**Task data**:
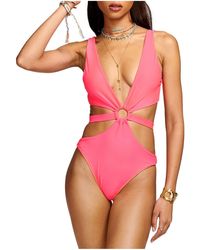Ramy Brook - Lexi Plunge Monokini One-piece Swimsuit - Lyst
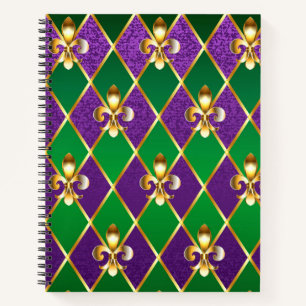 Carnet Arrière - plan de bijoux Mardi Gras
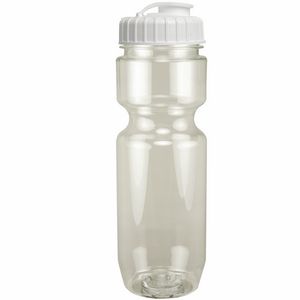 22 Oz. Translucent Bike Bottle w/ Flip Top Lid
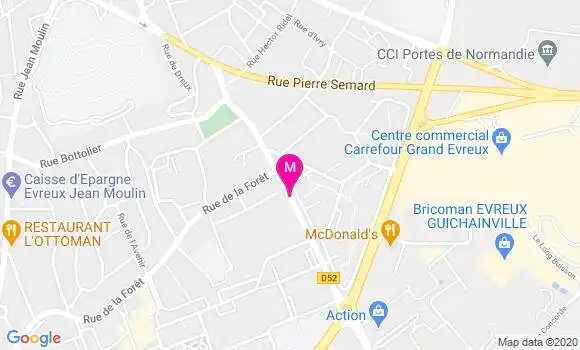 Localisation Dr Nadine Bourgoin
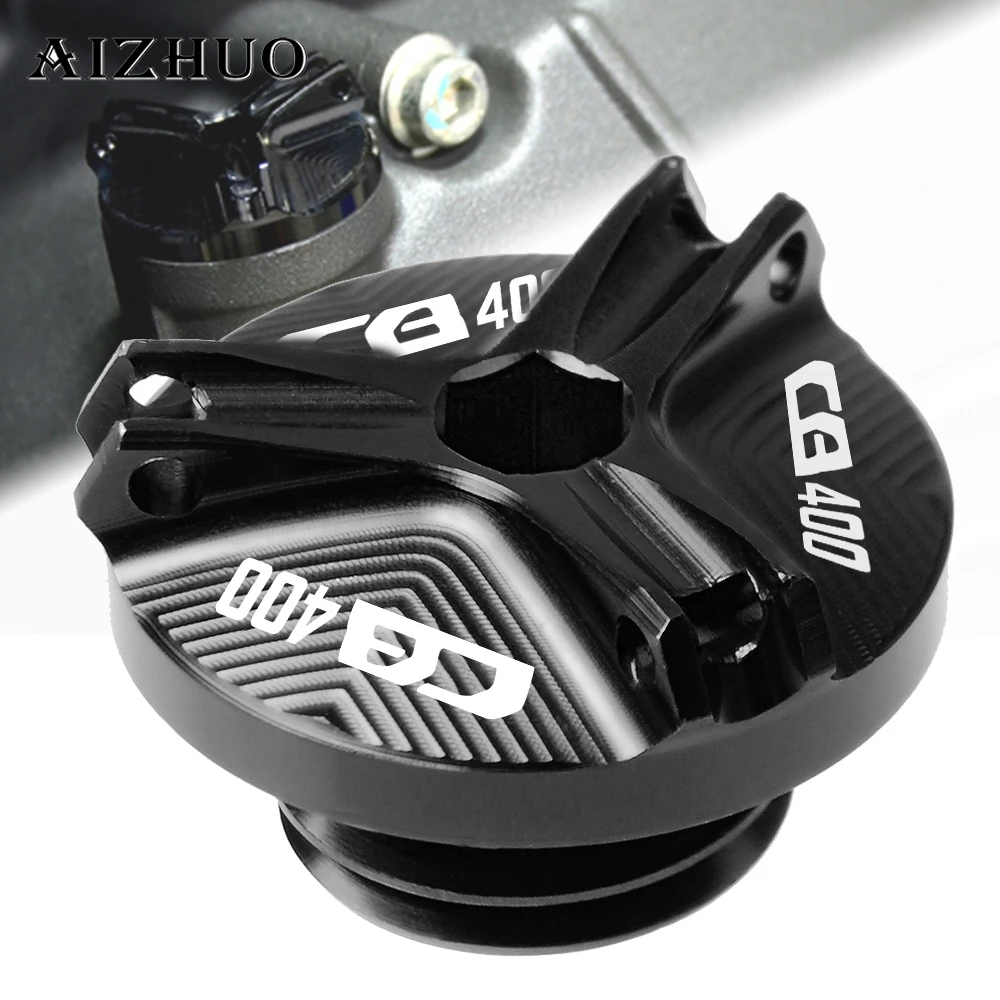 

Motorcycle Engine Oil Filler Cup Cap Oil Filler Cap Plug Cover For HONDA CB400 CB 400 CB400SF CB 400 SF ABS CB400VTEC 1992-1998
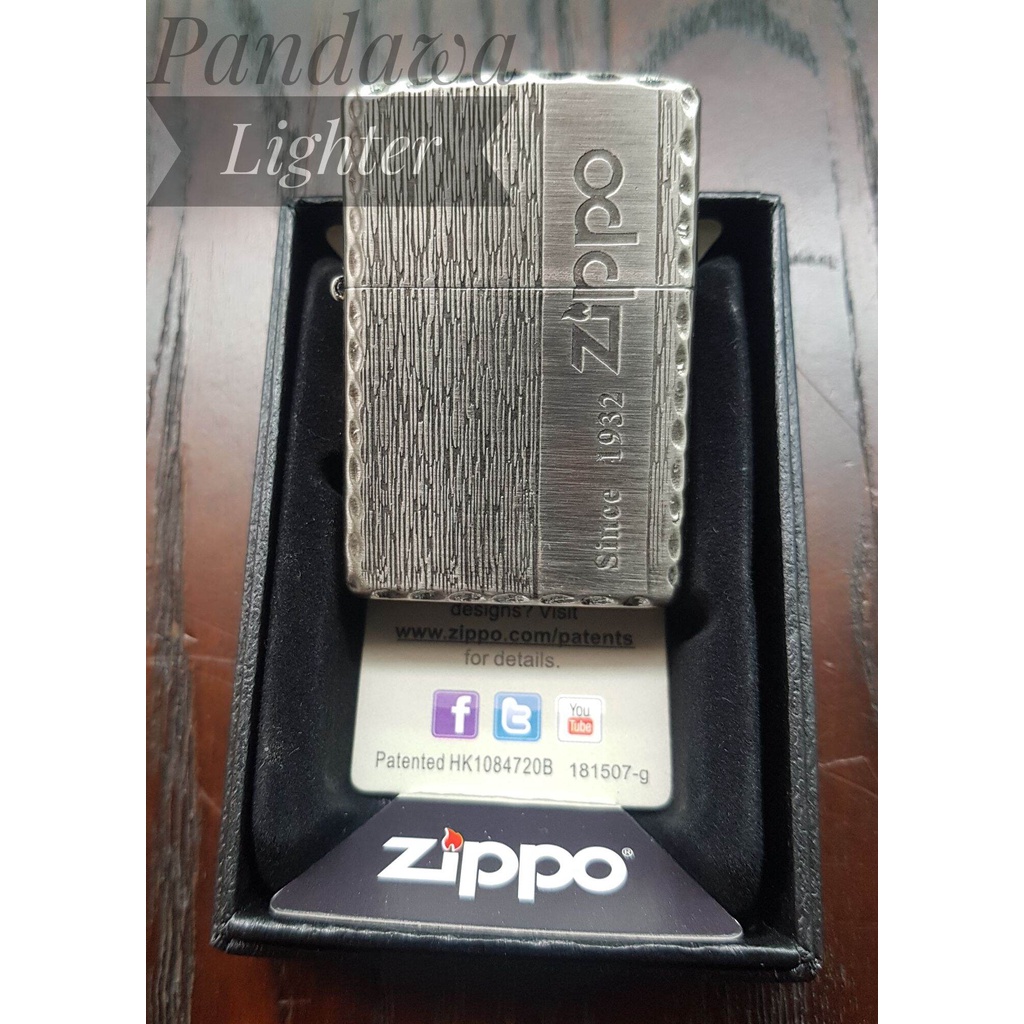 BISA COD - (FREE BOX) KOREK API ZIPPO MOTIF TULISAN ZIPPO UKIR TIMBUL GRAFIR PREMIUM ORIGINAL MADE I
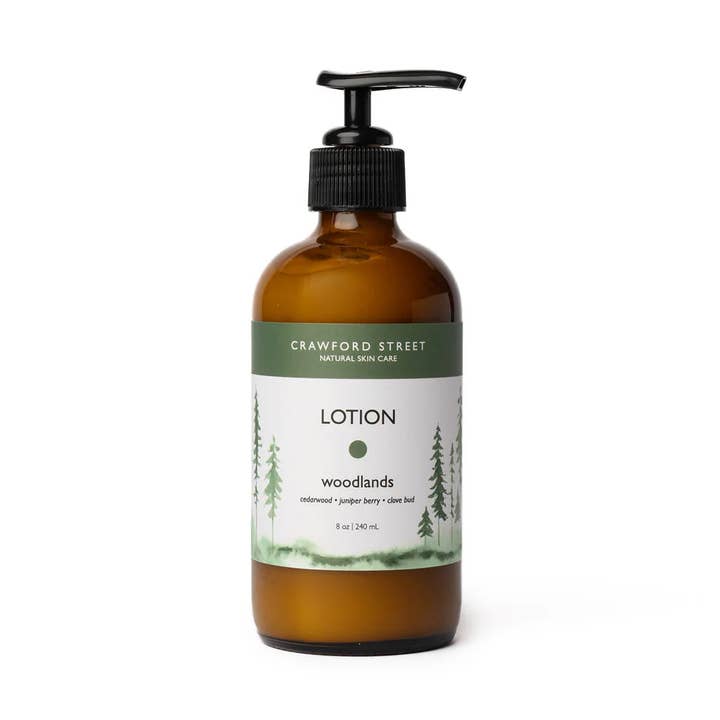 Woodlands Lotion for wholesale by Crawford Street Skin Care Inc.
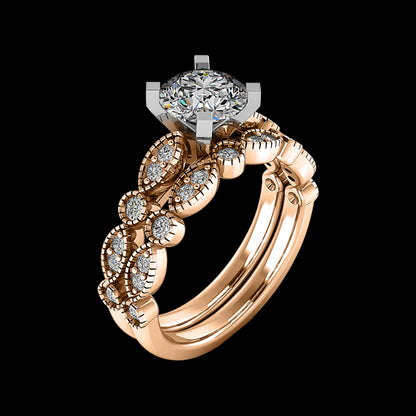 Engagement Ring ERWS0123-1.00RB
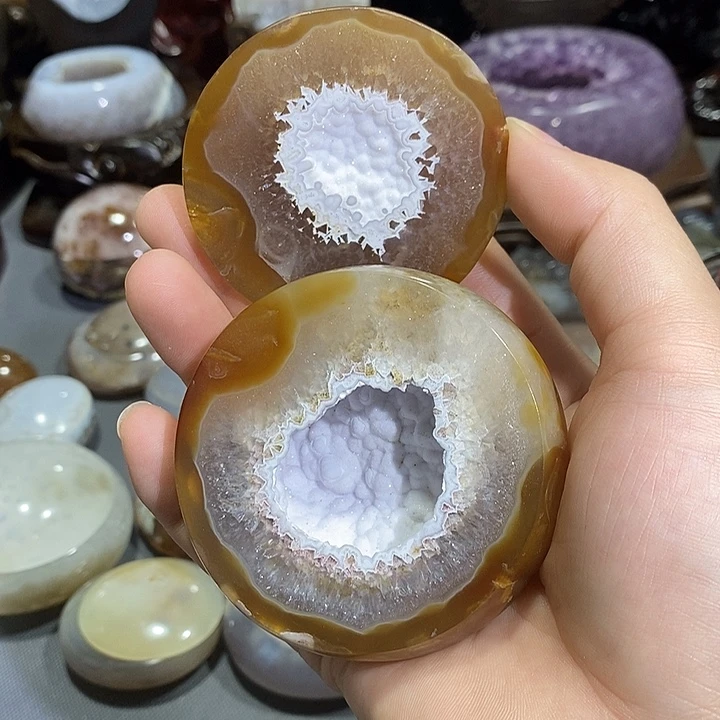 紫晶未镶嵌摆件聚宝盆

**Exercise description**: Print the full listing above again with exact wording and no images.

**Result of the task**:
Ramy Brook - Lexi Plunge Monokini One-piece Swimsuit - Lyst
 Carnet Arrière - plan de bijoux Mardi Gras
 22 Oz. Translucent Bike Bottle w/ Flip Top Lid
 Localisation Dr Nadine Bourgoin

Motorcycle Engine Oil Filler Cup Cap Oil Filler Cap Plug Cover For HONDA CB400 CB 400 CB400SF CB 400 SF ABS CB400VTEC 1992-1998
 BISA COD - (FREE BOX) KOREK API ZIPPO MOTIF TULISAN ZIPPO UKIR TIMBUL GRAFIR PREMIUM ORIGINAL MADE I
 Woodlands Lotion for wholesale by Crawford Street Skin Care Inc.
 Engagement Ring ERWS0123-1.00RB
 紫晶未镶嵌摆件聚宝盆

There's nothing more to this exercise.